There’s a lot of current interest today in how our brains function.  I just finished a fascinating account about learning a complex skill in the book titled: Moonwalking with Einstein: The Art and Science of Remembering Everything, by journalist Joshua Foer (1).

Mr. Foer, as the result of covering the 2005 US Memory Championship, became hooked into learning how people could possibly remember the exact order of 5 decks of cards, and pi to the 1000th digit, a random list of 200 words, and more. Is this ability due to pure intelligence? Is it a trick? Or a learned skill set?

He learned that just about anyone can become a “mental athlete”, even with an average level of intelligence. He documented his process of qualifying to become a participant in this yearly contest, and indeed, he won the 2006 US

Memory Championship, surging ahead of 36 other seasoned mental athletes. His year of training for this event included exercises in memorizing multiple decks of cards, memorizing random digits, lists of random words, memorizing poems, practicing his system of remembering, and timing himself on each activity. There are techniques that aid the memory with recall—chunking, dramatic and vibrant visualization (as is the title of the book), concentration and focus, and making associations with items already stored in the memory bank.  Some of these techniques have been around for centuries, used before the written word was common.

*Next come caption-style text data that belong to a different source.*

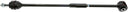 Dorman 526-597 Toe Compensator Link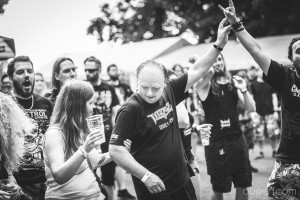 3CD4B0FA15982B5B1FA098C583F24830 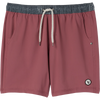 SWR-Saltwater Red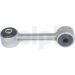 Delphi Stange/Strebe, Stabilisator TC1272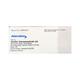 Vitaresp FX 120 Tablet 10'S - Allergies-Ant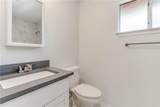 4200 Everest Ln - Photo 28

What are the parallels for human performance in the workplace, I wondered? Why can’t we remember what we’ve “learned” in the classroom when it becomes time to apply it on the job? What does it really take to learn a skill to the level of becoming an exemplary performer?

Some of the keys to success in becoming a champion – an exemplary performer – that emerged were:

Learning to Fluency: What does it take?

And, on the practical side of life, should you decide to become a “mental athlete”, does that mean you will remember where you put your car keys?  (The answer is in the book.)

(1) Moonwalking With Einstein: The Art and Science of Remembering Everything by Joshua Foer, 2011, The Penguin Press, New York, NY.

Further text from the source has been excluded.